ACTIVITY
Below are records. Find each line in them that holds the word "Ford" and copy it.

RECORD SET
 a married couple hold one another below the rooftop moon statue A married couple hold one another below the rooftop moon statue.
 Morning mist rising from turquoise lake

==

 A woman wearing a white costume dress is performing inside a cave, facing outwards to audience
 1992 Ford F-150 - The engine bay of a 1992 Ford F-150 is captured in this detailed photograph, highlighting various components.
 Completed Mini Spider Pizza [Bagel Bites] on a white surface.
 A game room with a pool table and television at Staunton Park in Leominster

==

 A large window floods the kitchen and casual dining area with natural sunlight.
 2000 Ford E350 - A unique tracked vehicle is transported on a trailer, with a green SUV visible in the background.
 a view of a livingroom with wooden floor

WORKED SOLUTION
 1992 Ford F-150 - The engine bay of a 1992 Ford F-150 is captured in this detailed photograph, highlighting various components.
 2000 Ford E350 - A unique tracked vehicle is transported on a trailer, with a green SUV visible in the background.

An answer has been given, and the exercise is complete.